Forme Sonore: a Bologna un luogo dove la musica è protagonista per i nostri bambini e per noi genitori

Forme Sonore: a Bologna un luogo dove la musica è protagonista per i nostri bambini e per noi genitori

Forme Sonore: a Bologna un luogo dove la musica è protagonista per i nostri bambini e per noi genitori

DireFareAggregare vi presenta le professionalità del nostro territorio rivolte ai nostri bambini e a noi genitori.

Vi presentiamo Forme Sonore  che realizza corsi, laboratori di musica e canto curando progetti per l’infanzia, adolescenza e genitorialità. Abbiamo intervistato Sabrina Simoni ideatrice di Forme Sonore che ci anticipa un progetto molto interessante per bambini 0-5 anni a settembre!

f1Nata nell’ottobre del 2011, Forme Sonore realizza e condivide corsi, laboratori e workshop dedicandosi con particolare attenzione a progetti per l’infanzia, l’adolescenza e la genitorialità. Progetta le sue attività con l’intento di stimolare idee, favorire l’espressività e la creatività di ognuno di noi, soprattutto dei bambini e del loro mondo ricco di possibilità e potenzialità.

Introduce al mondo della musica attraverso il gioco, in cui l’ascolto di ciascuno è la base fondamentale di partenza, per fare sì che poi si colga e crei la possibilità dell’esperienza e dell’espressione. Il motto che accompagna e sostiene l’attività è: “Musica, linguaggi espressivi ed Arte diventano un progetto aperto per dar voce alle idee”.

Inoltre offre un servizio di consulenza e assistenza artistica, dall’ideazione alla realizzazione di progetti musicali, editoriali, discografici o concertistici.

Un binomio perfetto quello dei maestri Siro Merlo (coordinatore e direttore artistico) compositore, arrangiatore e produttore e Sabrina Simoni (ideatrice) musicista, didatta e direttrice del Piccolo Coro Mariele Ventre dell’Antoniano di Bologna.

Il lavoro di Forme Sonore è coadiuvato da pedagogisti, insegnanti, musicisti e artisti che insieme lavorano affinché in ogni laboratorio, corso o iniziativa didattica venga dato ampio spazio ai vari aspetti dell’esperienza.
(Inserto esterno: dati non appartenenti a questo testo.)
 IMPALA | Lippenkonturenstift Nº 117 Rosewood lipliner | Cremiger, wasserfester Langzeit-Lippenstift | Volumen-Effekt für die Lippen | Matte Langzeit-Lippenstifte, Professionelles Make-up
Dalla scoperta all’approfondimento ogni momento si presenta con le sue possibilità di indagine ed esplorazione dietro la guida esperta di professionisti.

Da che cosa nasce l’idea di Forme Sonore?

L’idea nasce dalla volontà di dare un concreto contributo, ci auguriamo, per costruire, promuovere, sperimentare una serie di collaborazioni. Per dar voce a idee e proposte, del nostro territorio e quando dico “nostro” dico territorio italiano. Mettere anche a confronto esperienze diverse affidando alla volontà creativa un valore aggiunto. La realtà ha bisogno di essere riletta a volte, e le Forme possono essere molte.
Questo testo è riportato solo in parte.